US BANK Citigroup yesterday gave the sector a much-needed fillip, as it beat Wall Street expectations with a year-on-year surge in third quarter net profits to $2.2bn ($1.4bn).
Citi’s third consecutive quarterly operating profit – which translated into earnings of seven cents per share – was mainly due to declining provisions for credit losses, benefits and claims, which fell to $5.9bn, the lowest level in over three years.
The results were also boosted by the regional consumer banking division, which saw earnings rise five per cent on the previous quarter due to strength in the Latin America and North America regions.
However, overall third quarter revenue declined by six per cent to $20.7bn and net income fell by a fifth when compared to the prior quarter, due to a one-off $800m pre-tax loss on the sale of the Student Loan Corporation and weakness in the securities and banking division, where fixed income markets trading slumped.

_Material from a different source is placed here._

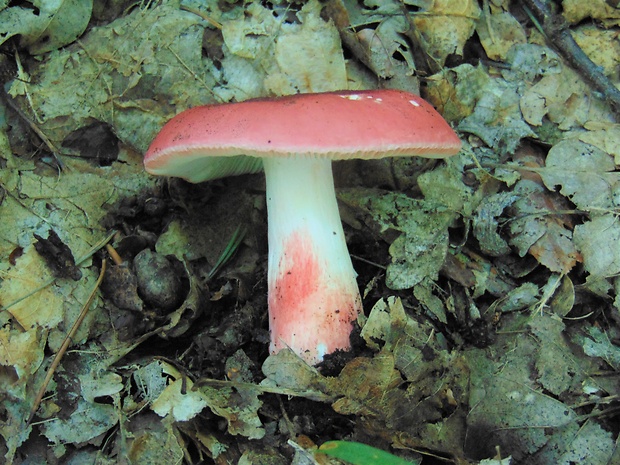 plávka Russula sp.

There was some positive news for the investment banking division, which Citi said had recorded “significantly higher” advisory revenues from increased corporate activity and strong debt underwriting revenues.
Vikram Pandit, the chief executive of Citi, which is still over 12 per cent owned by the US taxpayer, said: “Achieving our third straight quarter of positive operating earnings is continued evidence that we are successfully executing our strategy and we believe we have put in place all the elements for continued profitability.”
Citi’s results – which came after JP Morgan Chase last week also beat expectations with a $4.4bn net income haul – encouraged investors ahead of the rest of the US banking sector reporting results this week.
Today sees figures out from Bank of America, Bank of New York Mellon, Goldman Sachs and State Street, while Morgan Stanley and Wells Fargo will report later in the week.
Analysts had slashed their forecasts for the banks’ earnings over the past week as concerns over the depressed trading environment and the housing foreclosure crisis in the US weighed on expectations.